[GIVEN ENTRIES]

* * * * * * *

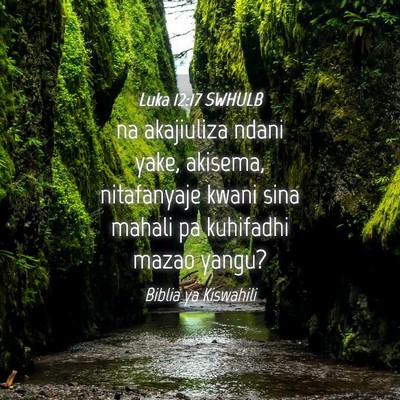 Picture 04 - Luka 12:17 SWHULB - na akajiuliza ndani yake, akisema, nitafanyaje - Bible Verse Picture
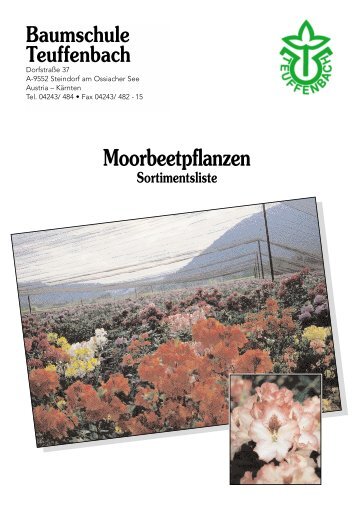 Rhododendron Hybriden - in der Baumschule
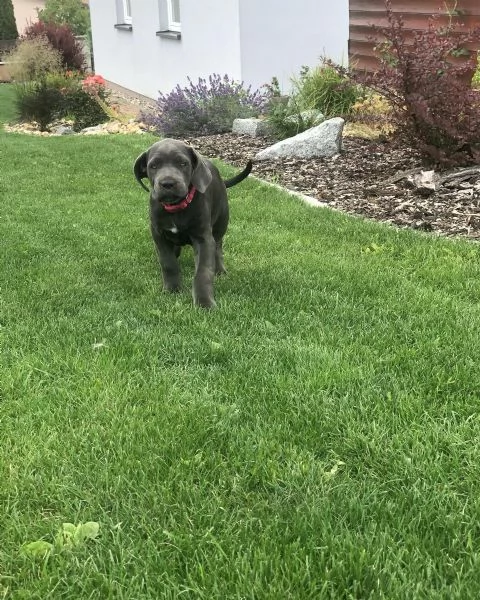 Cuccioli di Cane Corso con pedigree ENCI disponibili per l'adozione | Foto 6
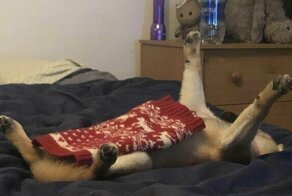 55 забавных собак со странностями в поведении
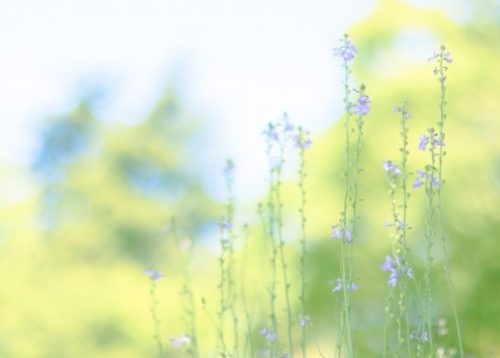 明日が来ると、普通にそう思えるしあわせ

* * * * * * *

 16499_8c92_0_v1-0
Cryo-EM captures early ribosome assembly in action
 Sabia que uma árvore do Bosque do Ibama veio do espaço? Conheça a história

* * * * * * *

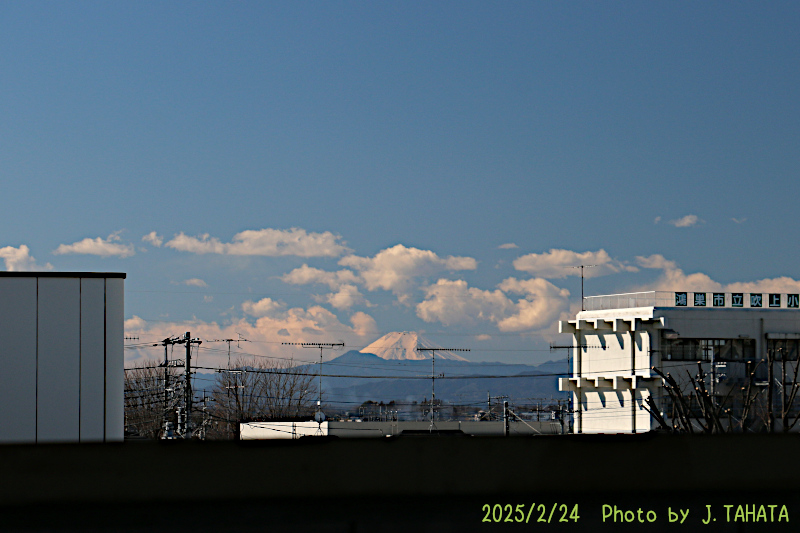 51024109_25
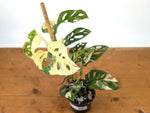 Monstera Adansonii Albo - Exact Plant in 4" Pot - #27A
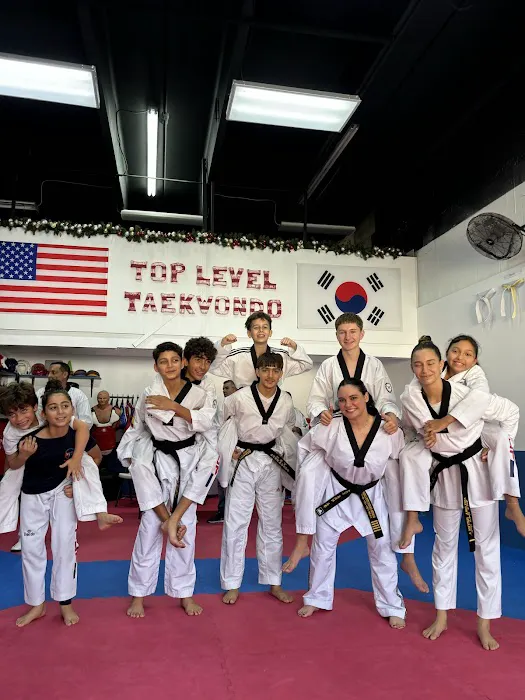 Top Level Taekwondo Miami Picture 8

* * * * * * *

[PROBLEM REQUIREMENTS] Above are some records. Output exactly the lines from the one that contains "Picture 04 - Luka" to the one that contains "明日が来ると、普通にそう思えるしあわせ", keeping both, and omit the pictures.

[ANSWER FOR THIS EXERCISE]
 Picture 04 - Luka 12:17 SWHULB - na akajiuliza ndani yake, akisema, nitafanyaje - Bible Verse Picture
 Rhododendron Hybriden - in der Baumschule
 Cuccioli di Cane Corso con pedigree ENCI disponibili per l'adozione | Foto 6
 55 забавных собак со странностями в поведении
 明日が来ると、普通にそう思えるしあわせ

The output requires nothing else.